### [Work order]
Write the data out again, character for character, with no images.

-------- Record set --------

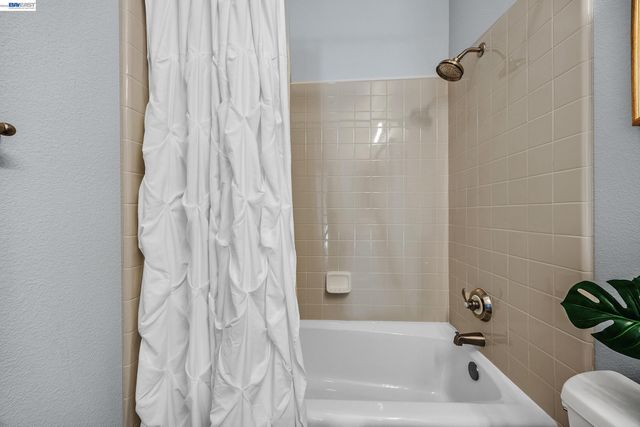 2170 Santa Croce Dr, Livermore, CA 94550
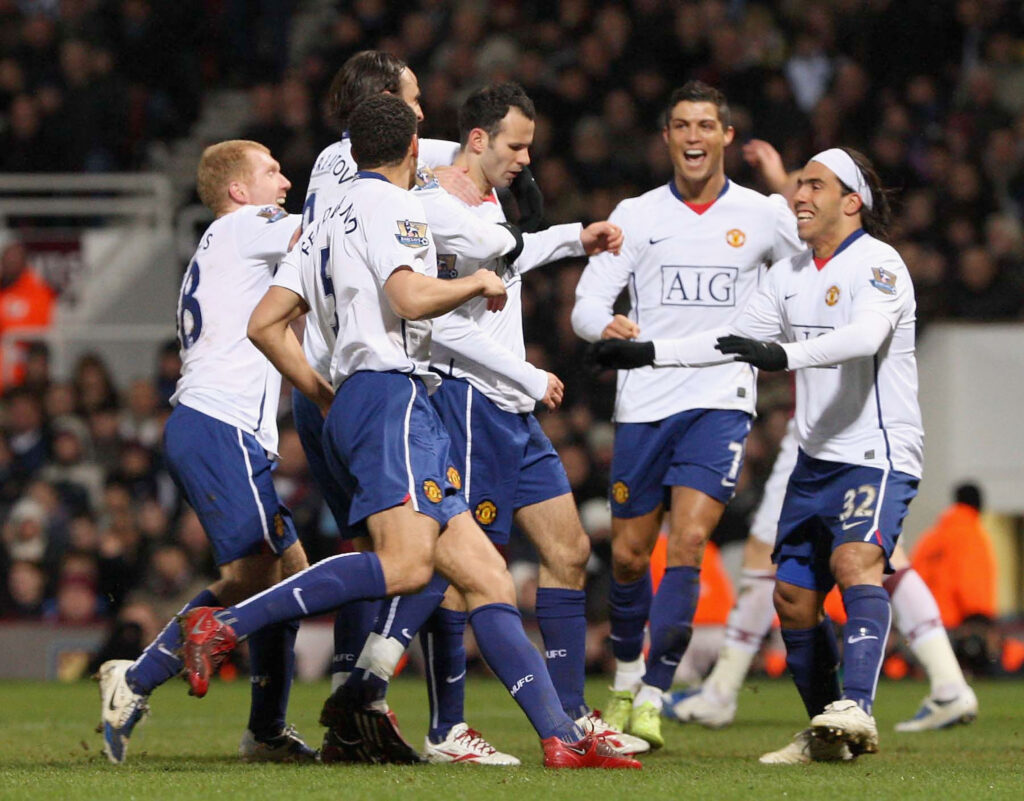 Ryan Giggs celebrates during West Ham United v Manchester United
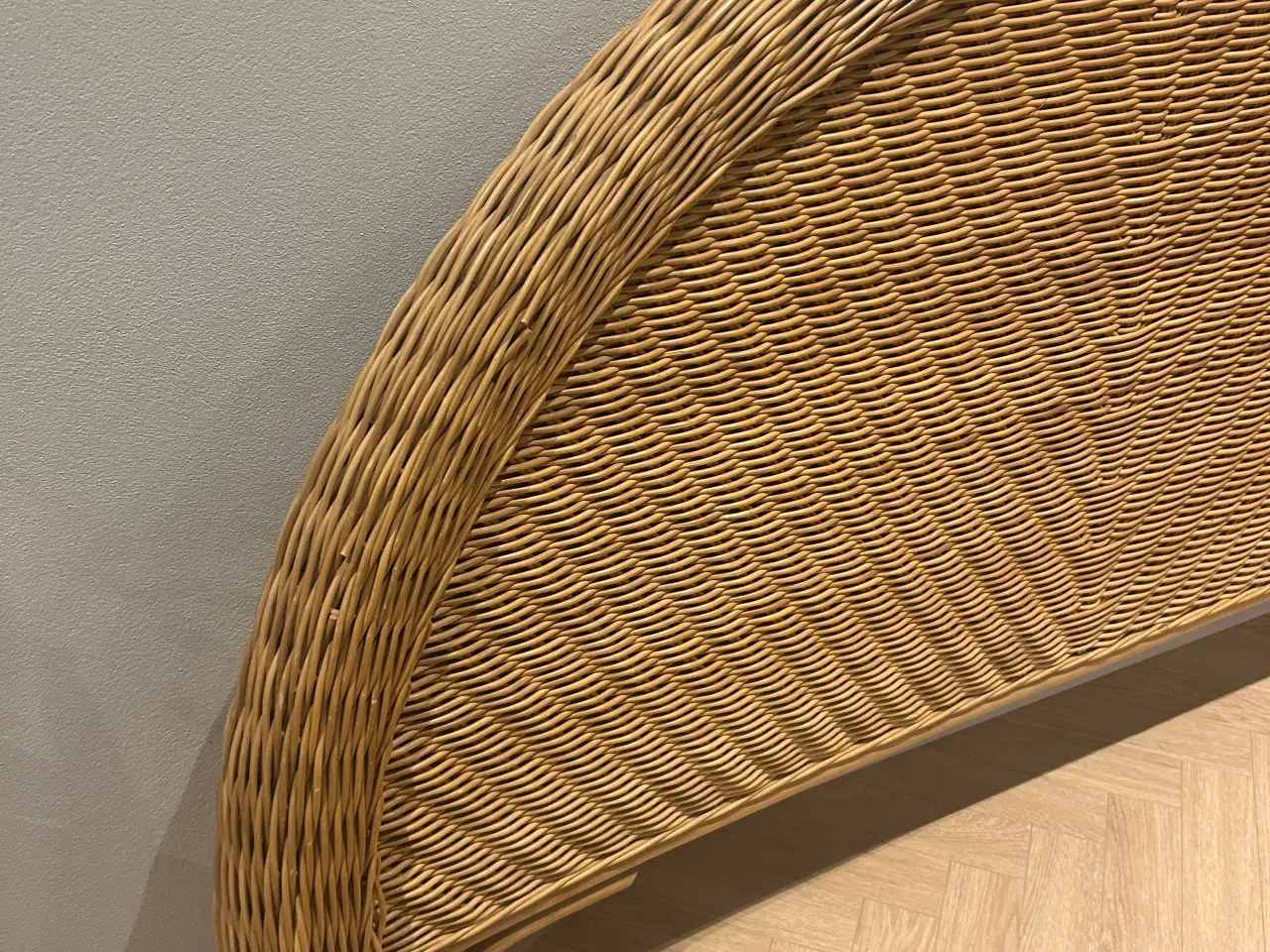 Billede 4 - Kurve rattan flet sengegavl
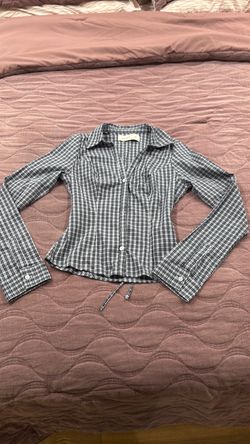 Hollister Plaid Button-Up Cropped Shirt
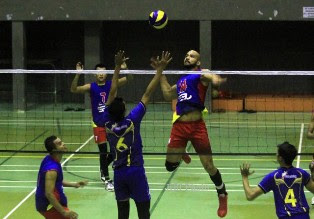 Gambar cara melakukan spike [Source image by jogja.solopos.com]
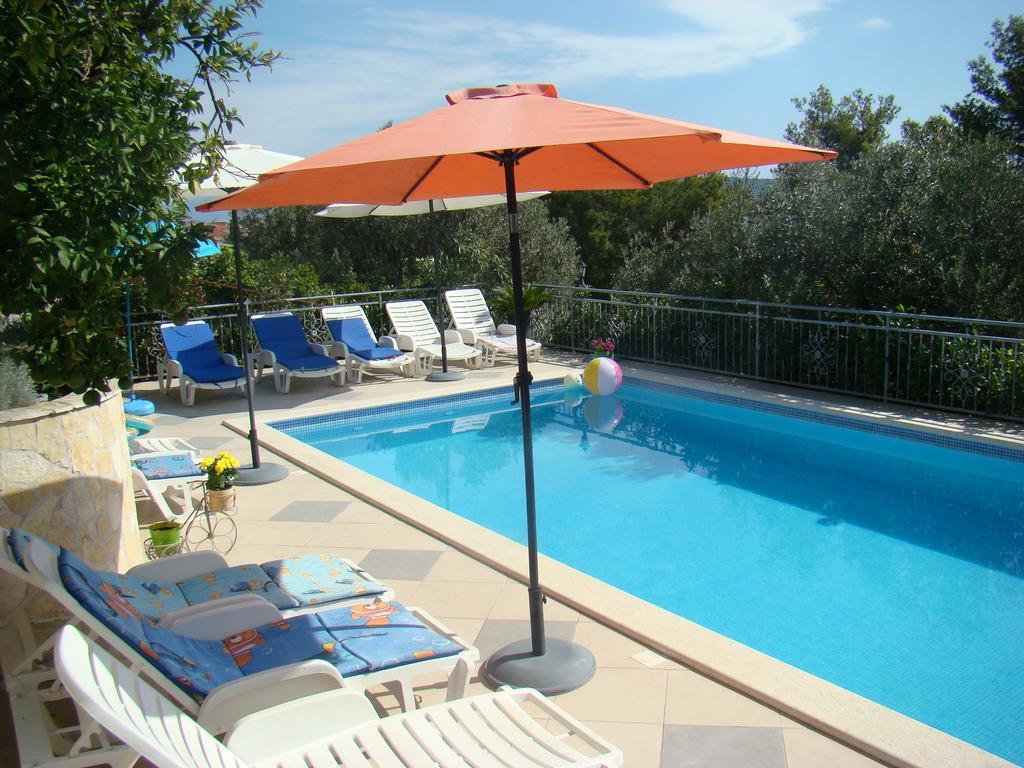Apartments Zgogo Trogir Extérieur photo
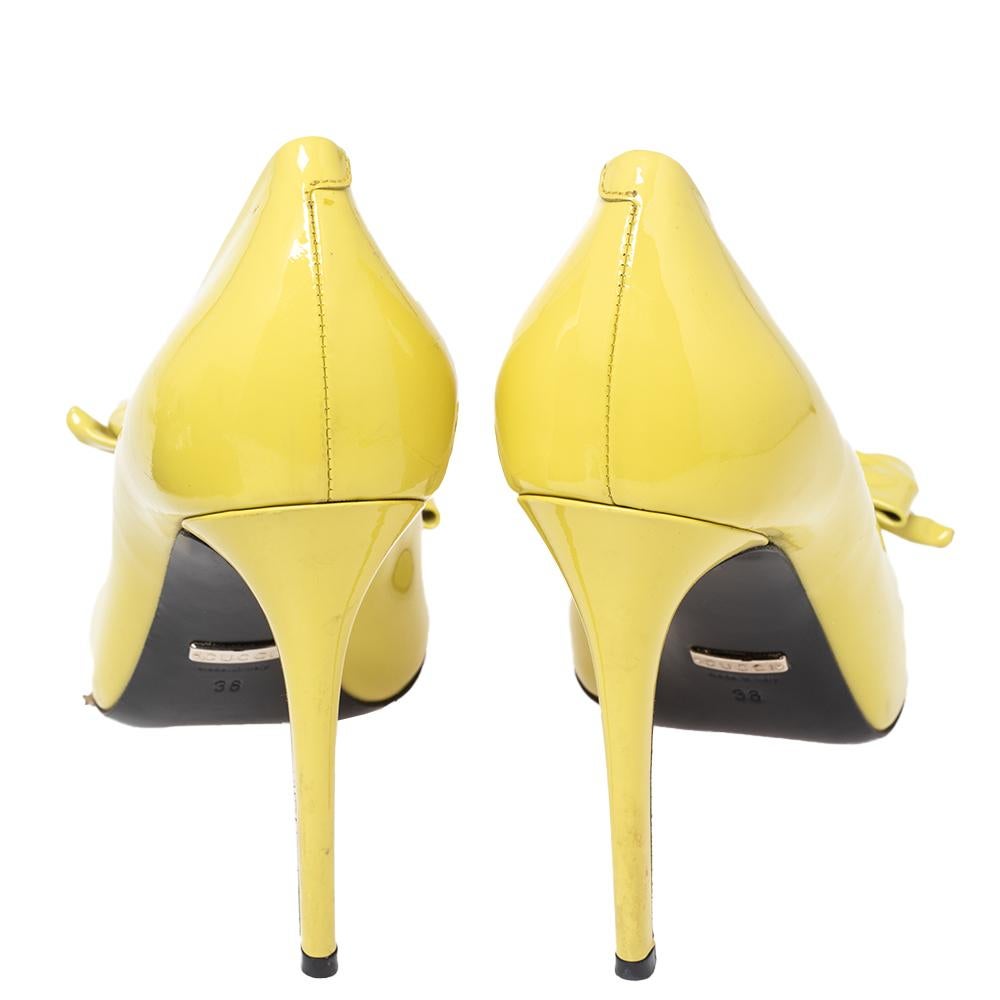 Gucci Yellow Patent Clodine Peep Toe Bow Pumps Size 38 In Good Condition For Sale In Dubai, Al Qouz 2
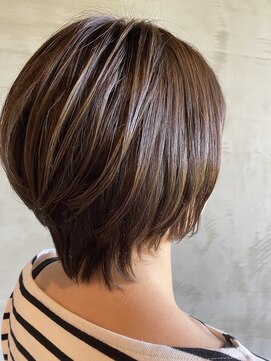 アトリエ ジェイディ(AtelierJ.D.) ポイントハイライトショート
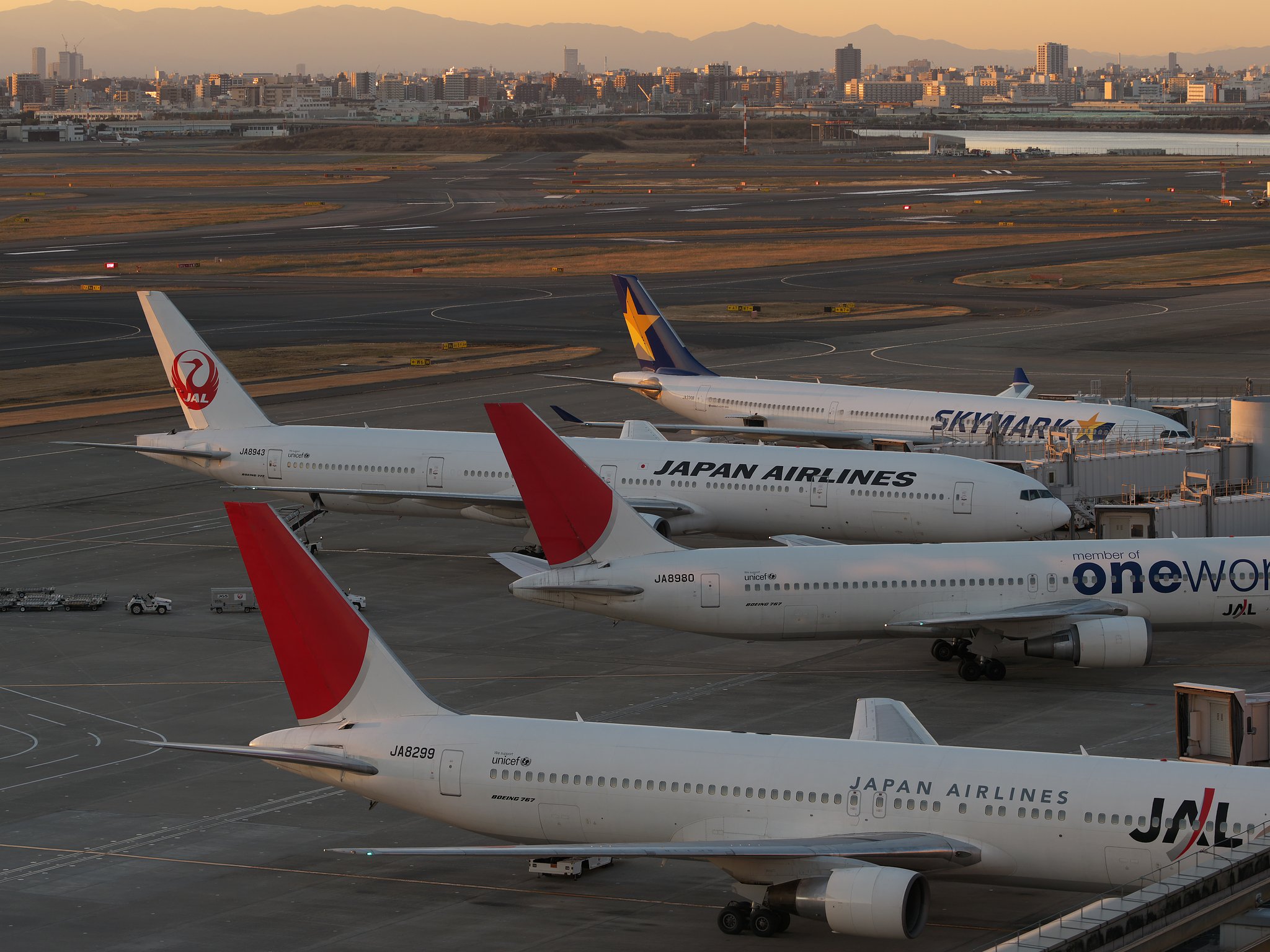 夕暮れの空港（レンズテスト）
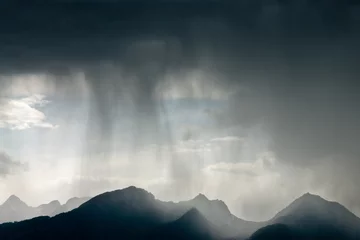 Crédence de cuisine en verre imprimé Orage Rain over the mountains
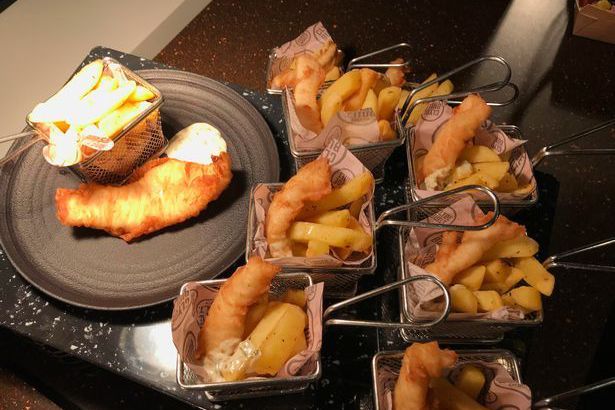 聯合國氣候大會供應的菜單上少不了蘇格蘭經典美食，像是炸魚和薯條。圖／取自COP26菜單介紹影片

--------

### [Reply]
 2170 Santa Croce Dr, Livermore, CA 94550
 Ryan Giggs celebrates during West Ham United v Manchester United
 Billede 4 - Kurve rattan flet sengegavl
 Hollister Plaid Button-Up Cropped Shirt
 Gambar cara melakukan spike [Source image by jogja.solopos.com]
Apartments Zgogo Trogir Extérieur photo
 Gucci Yellow Patent Clodine Peep Toe Bow Pumps Size 38 In Good Condition For Sale In Dubai, Al Qouz 2
 アトリエ ジェイディ(AtelierJ.D.) ポイントハイライトショート
 夕暮れの空港（レンズテスト）
 Crédence de cuisine en verre imprimé Orage Rain over the mountains
 聯合國氣候大會供應的菜單上少不了蘇格蘭經典美食，像是炸魚和薯條。圖／取自COP26菜單介紹影片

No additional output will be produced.